Allocation randomized
Endpoint classification safety study
Intervention model parallel assignment
Masking double blind (subject, caregiver, investigator, outcomes assessor)
Primary purpose prevention
(Active Comparator)
Intermittent oral naltrexone to be taken on an as-needed basis for 8 weeks.
intermittent oral naltrexone
(Placebo Comparator)
Intermittent oral placebo to be taken on an as-needed basis for 8 weeks

Primary Outcomes

time frame: proportions eligible and enrolled assessed on ongoing basis throughout the study, proportion of visits completed assessed bi-weekly for each participant; overall retention assessed over 2 month follow-up for each participant
time frame: at each bi-weekly visit throughout the 2 month follow-up for each participant
time frame: adherence assessed daily through electronic monitoring, pill count and self-report assessed at bi-weekly visits over the course of 2 month follow-up

Secondary Outcomes

Methamphetamine use and drinking outcomes
time frame: assess at baseline, month 1 and month 2 visits
Sexual Behaviors
time frame: assessed at baseline, month 1 and 2 visits

Eligibility Criteria

Male participants from 18 years up to 70 years old.

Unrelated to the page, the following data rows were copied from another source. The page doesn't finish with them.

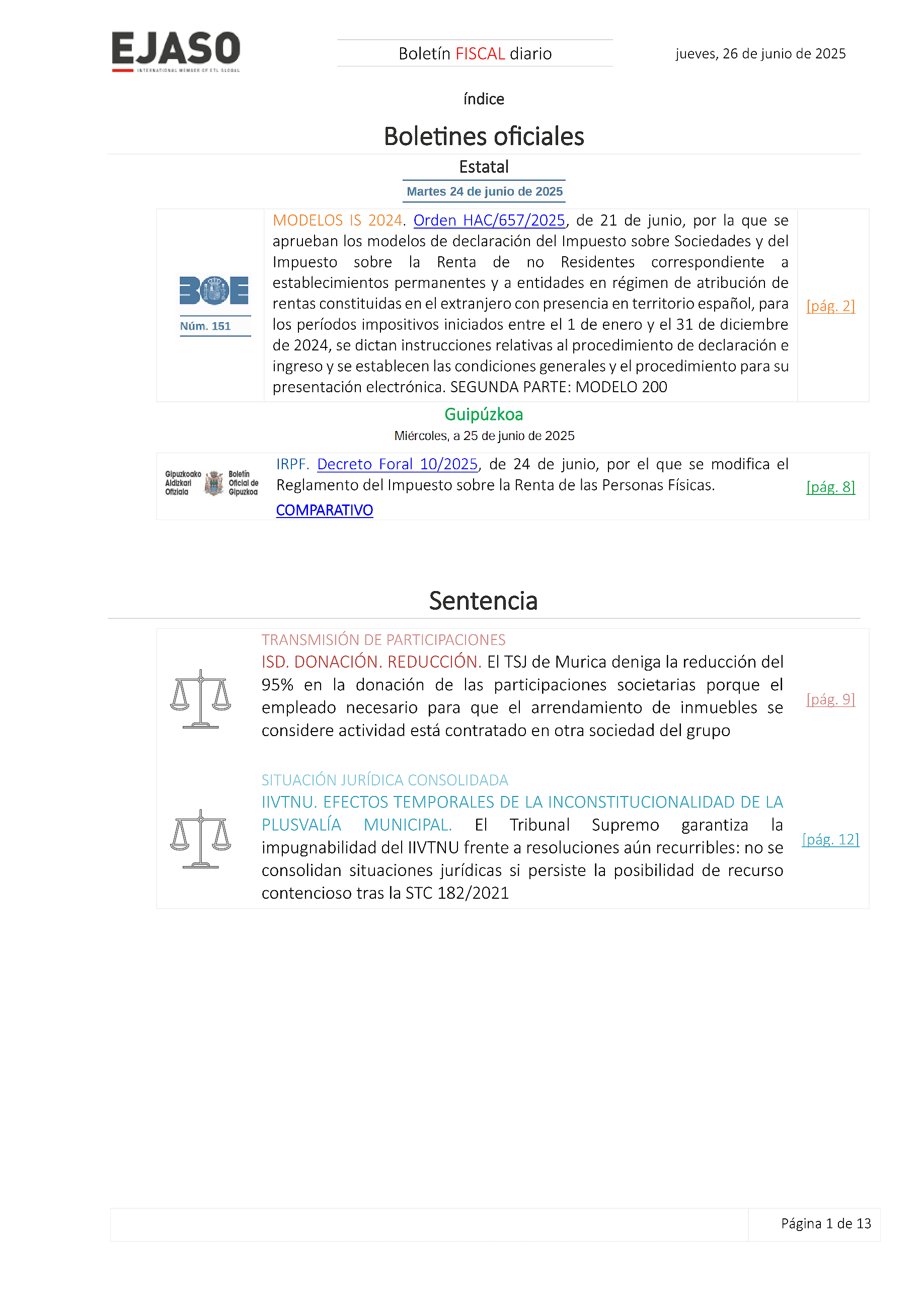 Boletín fiscal 26/06/2025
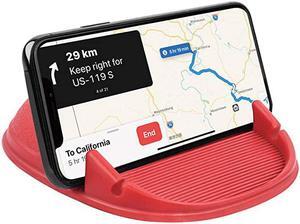 Car Phone Holder, Car Phone Mount Silicone Car Pad Mat for Various Dashboards, Slip Free Desk Phone Stand Compatible with iPhone, Samsung, Android Smartphones, GPS Devices and More (Red)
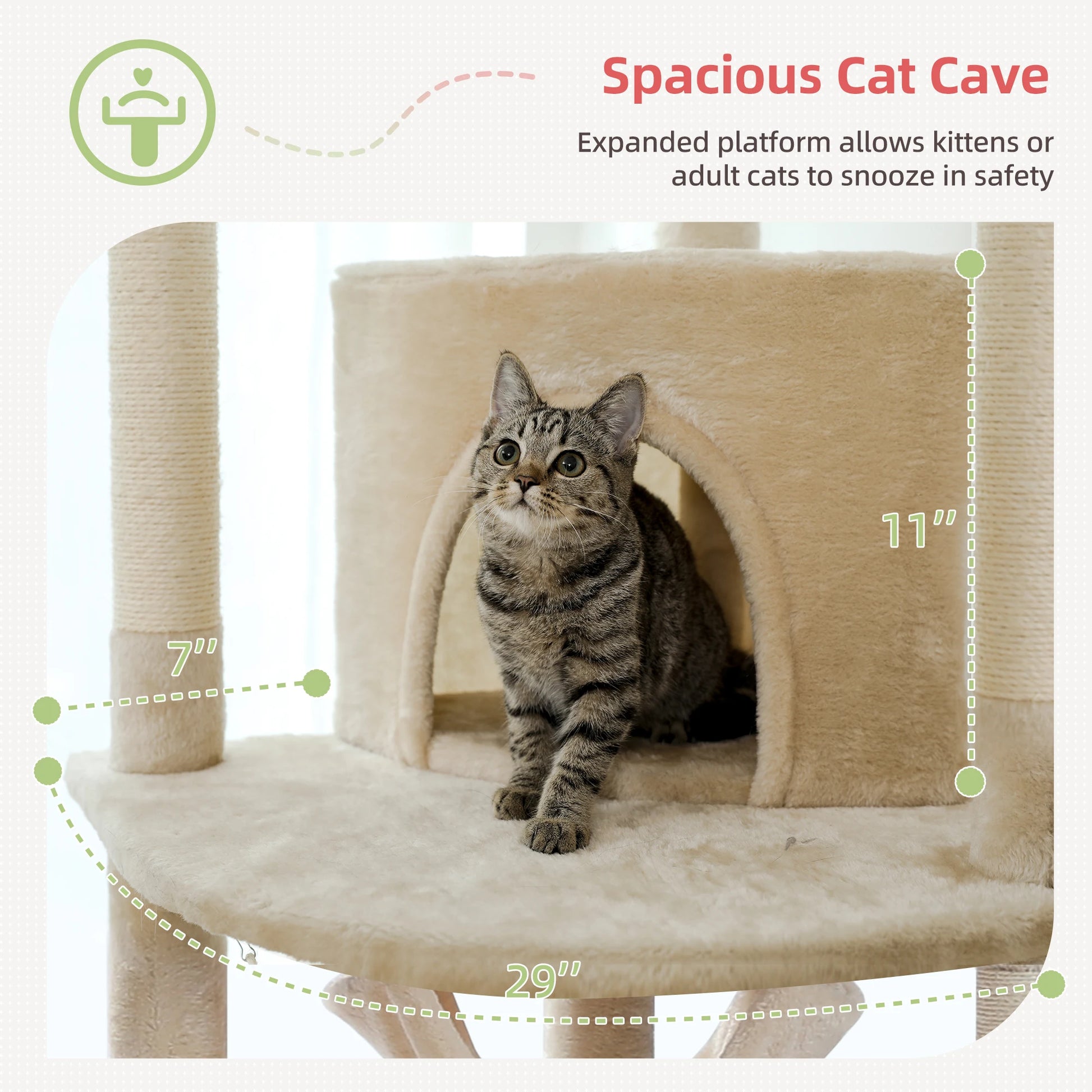 Floor to Ceiling Cat Tree Adjustable Cat Tower Tall Kitty Climbing Play House with Scratching Posts Cozy Condo Perches Hammock - Your Healthy Version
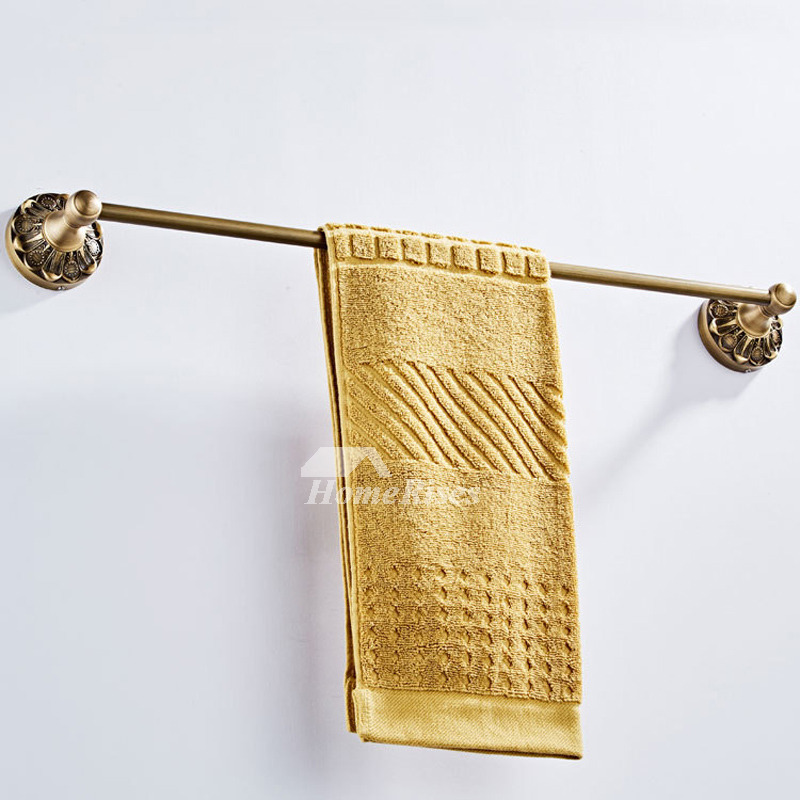 Gold Color Brass Single Towel Bar Towel Rack Bathroom Wall Mounted Towel  Holder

Inclusion Criteria: 1. male gender or transgender male-to-female 2. self-reported anal sex with men in the prior six months while under the influence of meth and/or alcohol 3. self-reported meth use at least bi-weekly in the prior three months 4. at least weekly binge drinking (five or more drinks on a single drinking session) in the prior three months 4) interested in reducing meth use and/or binge drinking 5) HIV-negative by rapid test or medical record of HIV infection 6) no current acute illnesses requiring prolonged medical care 7) no chronic illnesses that are likely to progress clinically during trial participation 8) able and willing to provide informed consent and adhere to visit schedule 9) age 18-70 years 10) baseline complete blood count (CBC), total protein, albumin, glucose, alkaline phosphatase, creatinine, blood urea nitrogen (BUN), and electrolytes without clinically significant abnormalities as determined by study clinician in conjunction with symptoms, physical exam, and medical history Exclusion Criteria: 1. any psychiatric (e.g., depression with suicidal ideation) or medical condition that would preclude safe participation in the protocol 2. known allergy or previous adverse reaction to naltrexone 3. current use of or dependence on any opioids or a known medical condition which currently requires or may likely require opioid analgesics 4. opioid-positive urine test at enrollment 5. current cluster of differentiation 4 (CD4) count < 200 cells/mm3 6. moderate or severe liver disease (aspartate aminotransferase, alanine aminotransferase, or total bilirubin > 3 times upper limit of normal) 7. impaired renal function (creatinine clearance < 60 ml/min) 8. currently participating in another research study 9. meth or alcohol dependence as determined by Structured Clinical Interview for Diagnostic and Statistical Manual of Mental Disorders (SCID) criteria 10. any condition that, in the principal investigator and/or study clinician's judgment interferes with safe participation or adherence to study procedures. 11. unwillingness to provide minimum locator for information 12. not having a cellular phone that can send or receive a text message 13. plans to leave the Bay Area during study follow-up 14. not comfortable speaking and reading English, enough to participate in a program in English

Trial information was received from ClinicalTrials.gov and was last updated in October 2014.
Information provided to ClinicalTrials.gov by University of California, San Francisco.